A single layer of platinum deposited on inexpensive carbides leads to active hydrogen-evolution catalysts

by Mitch Jacoby
January 23, 2012 | A version of this story appeared in Volume 90, Issue 4

Metal carbides capped with monolayer quantities of precious metals can serve as active hydrogen evolution catalysts, according to a study conducted at the University of Delaware (J. Am. Chem. Soc., DOI: 10.1021/ja208656v). The work may lead to low-cost substitutes for platinum-based electrolyzers and fuel-cell catalysts by drastically reducing the required loading of expensive metals.

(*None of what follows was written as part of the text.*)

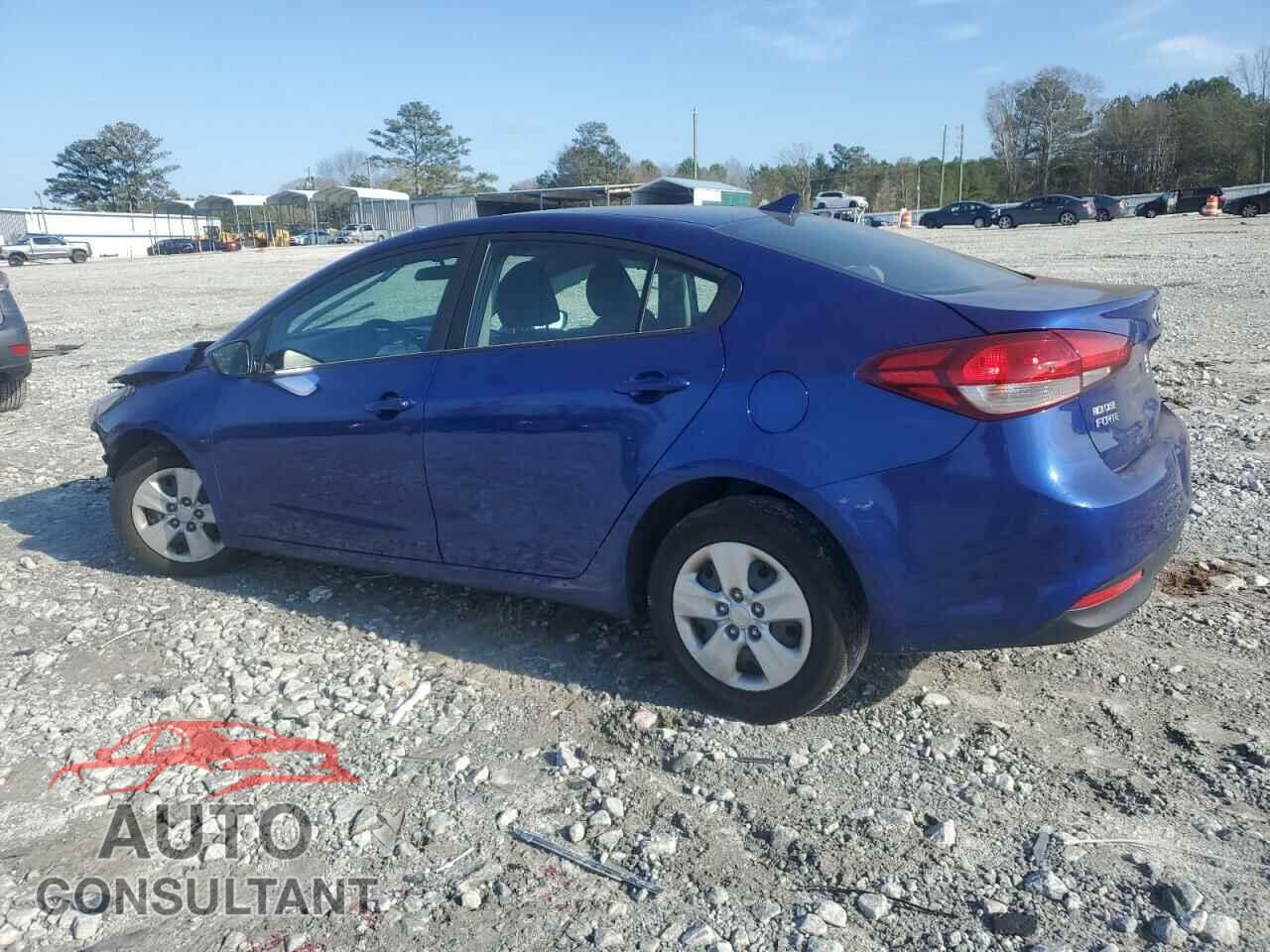 KIA FORTE 2017 - 3KPFL4A76HE081089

Electrolyzers and fuel cells offer energy-efficient and environmentally benign methods for producing hydrogen from water and combining hydrogen with oxygen to generate electricity, respectively. Lowering device costs by reducing dependence on platinum could broaden commercial use. So Delaware’s Daniel V. Esposito, Jingguang G. Chen, and coworkers prepared thin films of tungsten carbides (WC and W2C) with well-controlled surface stoichiometry and treated them with monolayer quantities of platinum. The team found that for hydrogen evolution, the platinum-coated films are nearly equal in catalytic activity to pure (bulk) platinum and are more stable than standard carbon-supported Pt catalysts. Palladium-coated films also exhibited high catalytic activities. The team is now studying ways to boost the catalyst surface area by using atomic layer deposition methods to prepare Pt-WC nanoparticles, Chen says.